For this exercise, return all the data word for word, with images left out.
:: Given data ::
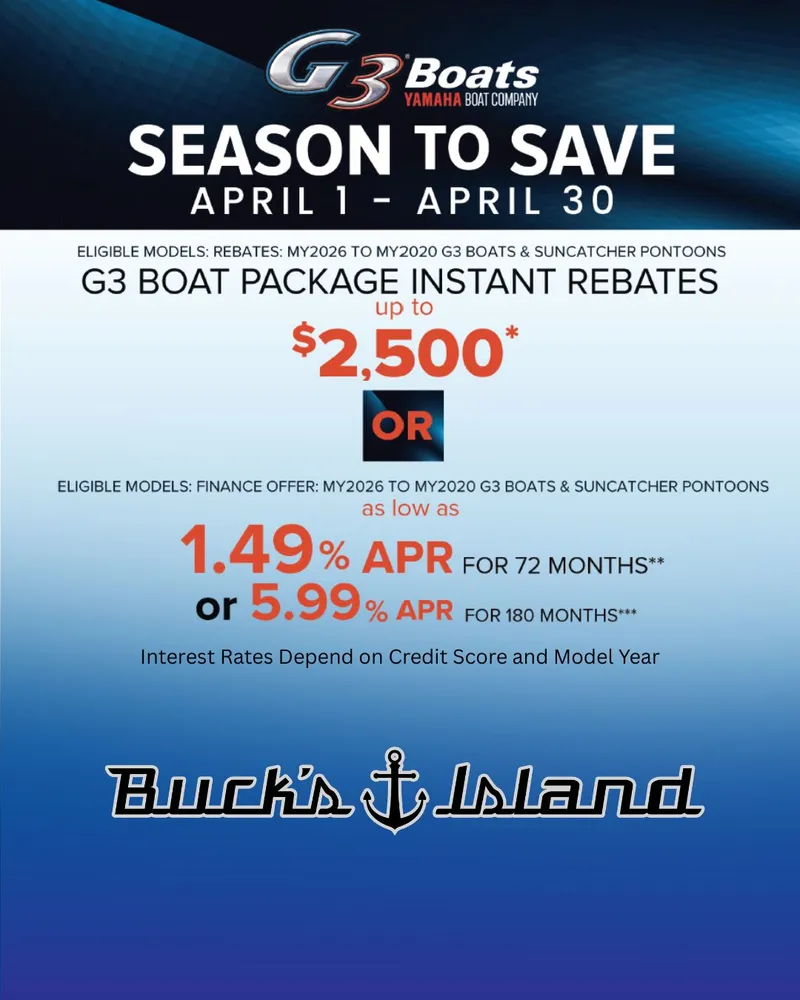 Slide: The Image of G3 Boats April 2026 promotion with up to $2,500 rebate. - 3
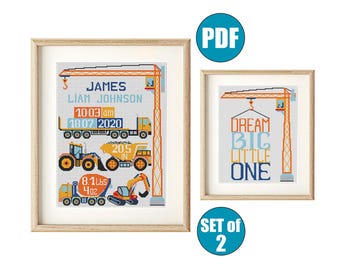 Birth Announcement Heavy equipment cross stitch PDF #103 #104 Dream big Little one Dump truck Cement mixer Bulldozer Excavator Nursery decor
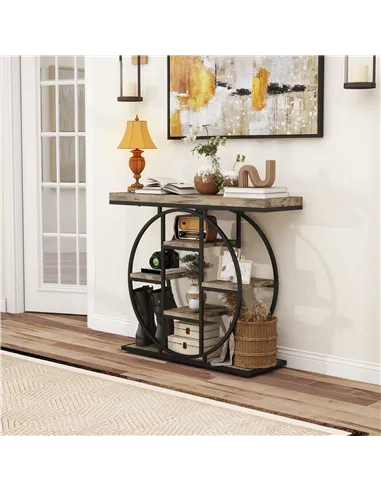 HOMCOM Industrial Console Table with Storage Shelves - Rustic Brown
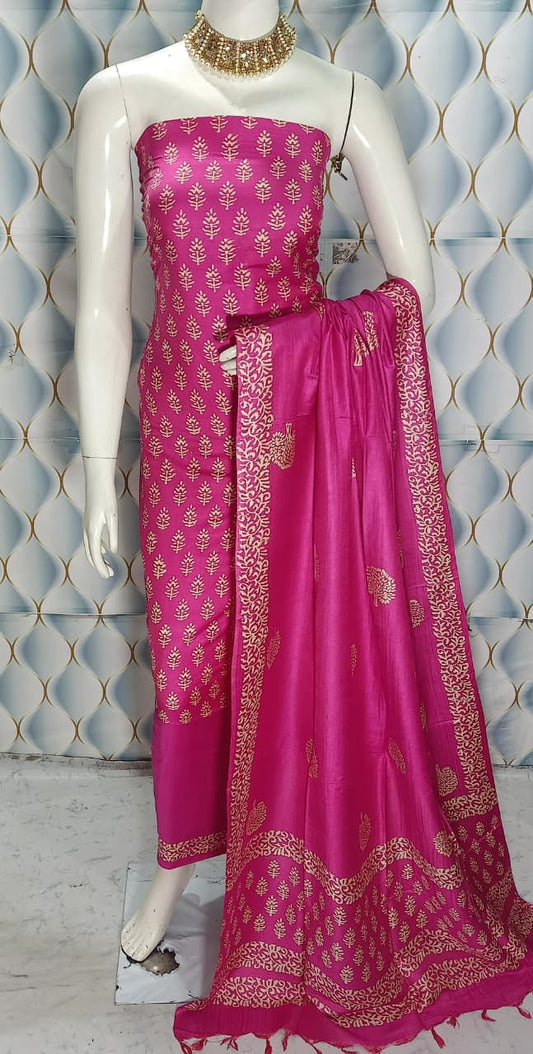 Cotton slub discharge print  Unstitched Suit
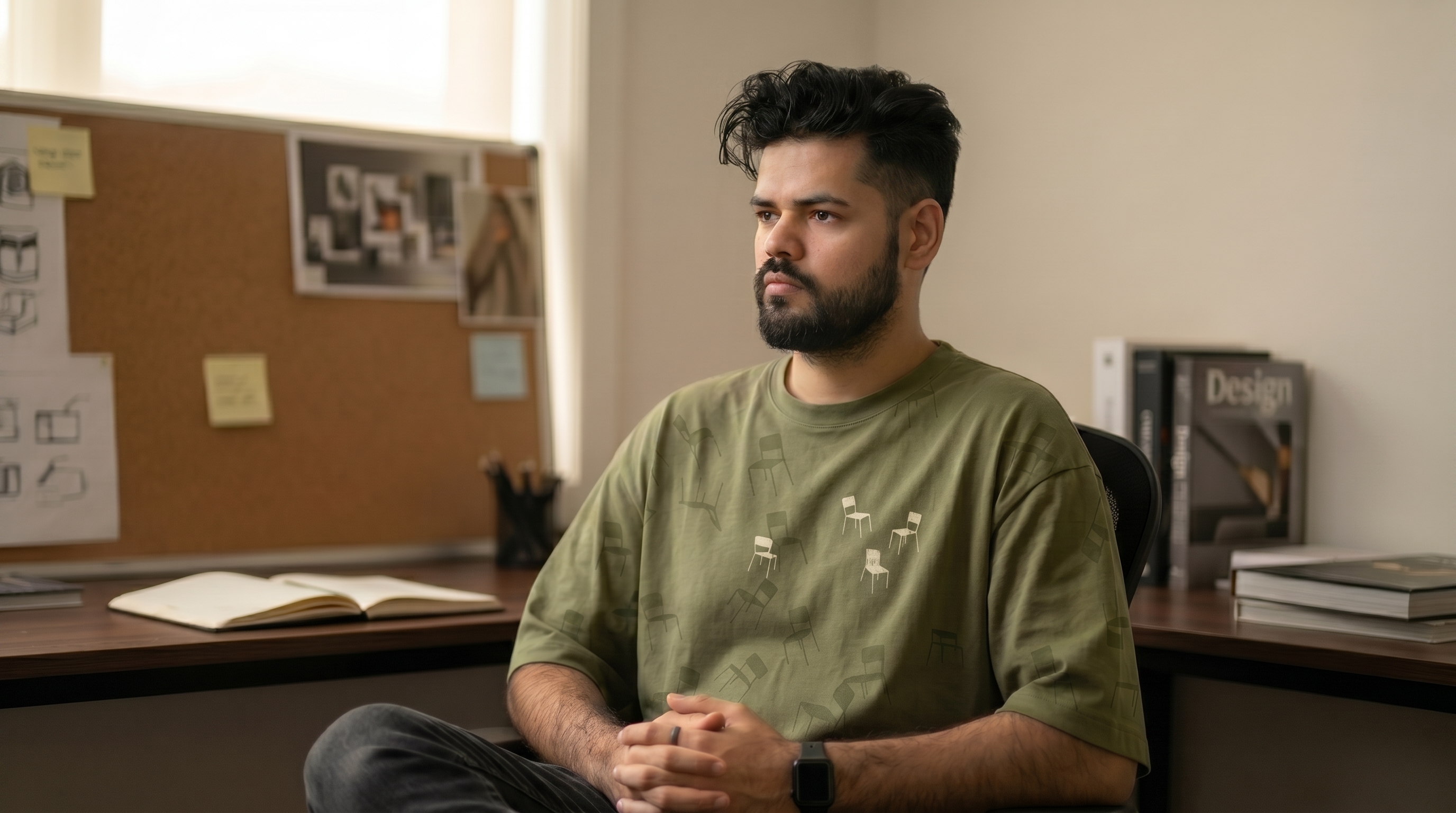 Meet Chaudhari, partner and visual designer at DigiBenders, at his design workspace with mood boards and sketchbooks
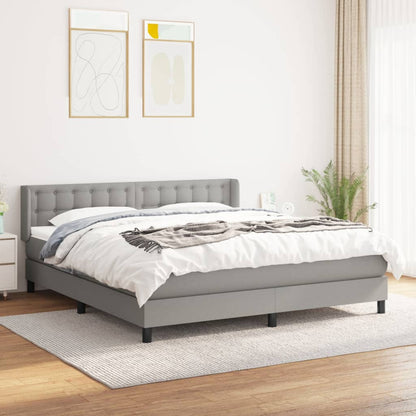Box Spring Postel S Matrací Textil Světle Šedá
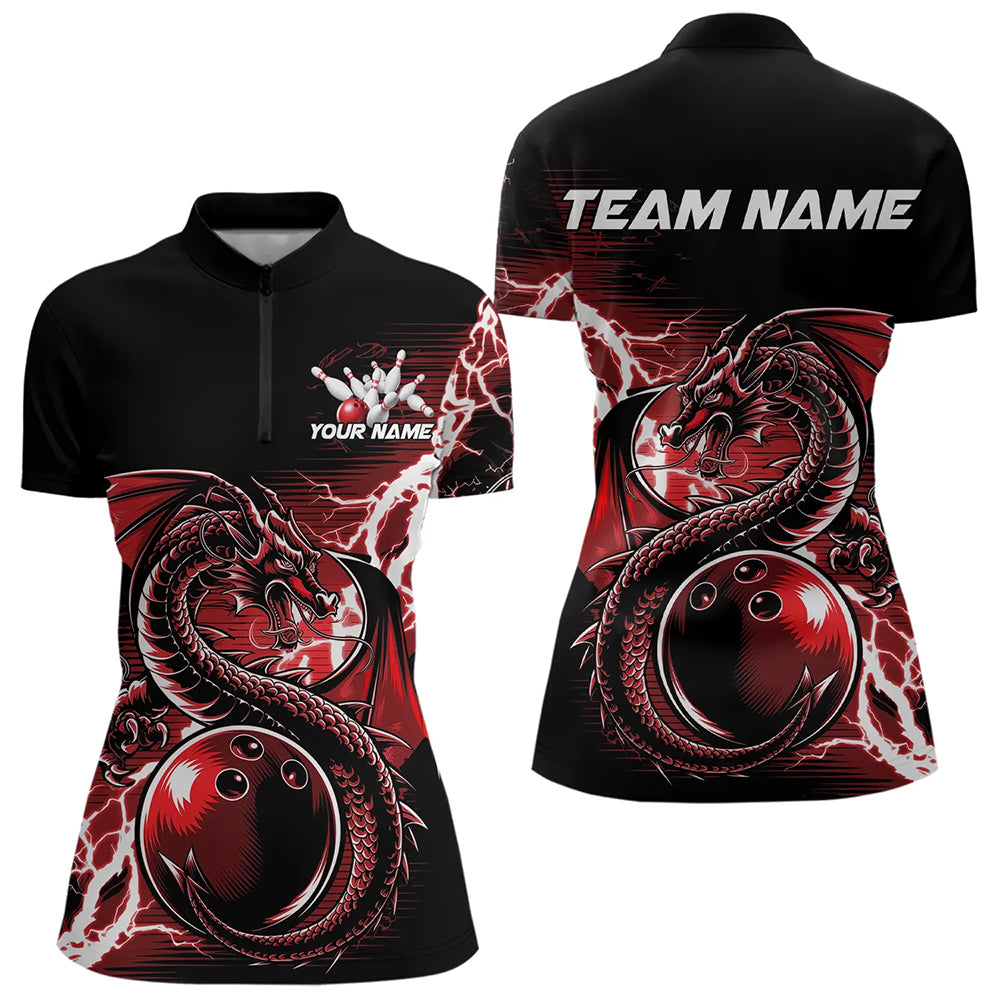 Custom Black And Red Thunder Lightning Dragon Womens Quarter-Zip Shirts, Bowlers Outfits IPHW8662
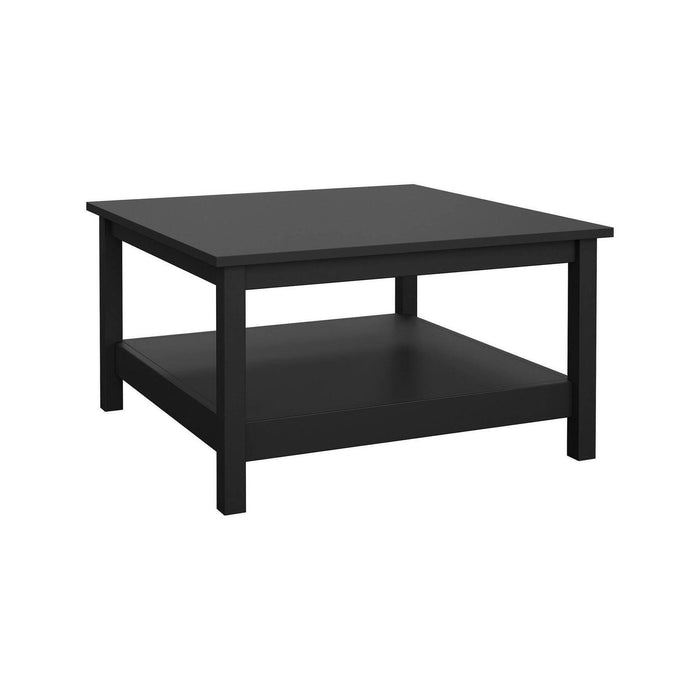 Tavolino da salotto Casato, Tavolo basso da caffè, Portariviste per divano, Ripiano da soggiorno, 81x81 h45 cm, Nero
:::
§ Written response:
 Slide: The Image of G3 Boats April 2026 promotion with up to $2,500 rebate. - 3
 Birth Announcement Heavy equipment cross stitch PDF #103 #104 Dream big Little one Dump truck Cement mixer Bulldozer Excavator Nursery decor
 HOMCOM Industrial Console Table with Storage Shelves - Rustic Brown
 Cotton slub discharge print  Unstitched Suit
 Meet Chaudhari, partner and visual designer at DigiBenders, at his design workspace with mood boards and sketchbooks
Box Spring Postel S Matrací Textil Světle Šedá
 Custom Black And Red Thunder Lightning Dragon Womens Quarter-Zip Shirts, Bowlers Outfits IPHW8662
 Tavolino da salotto Casato, Tavolo basso da caffè, Portariviste per divano, Ripiano da soggiorno, 81x81 h45 cm, Nero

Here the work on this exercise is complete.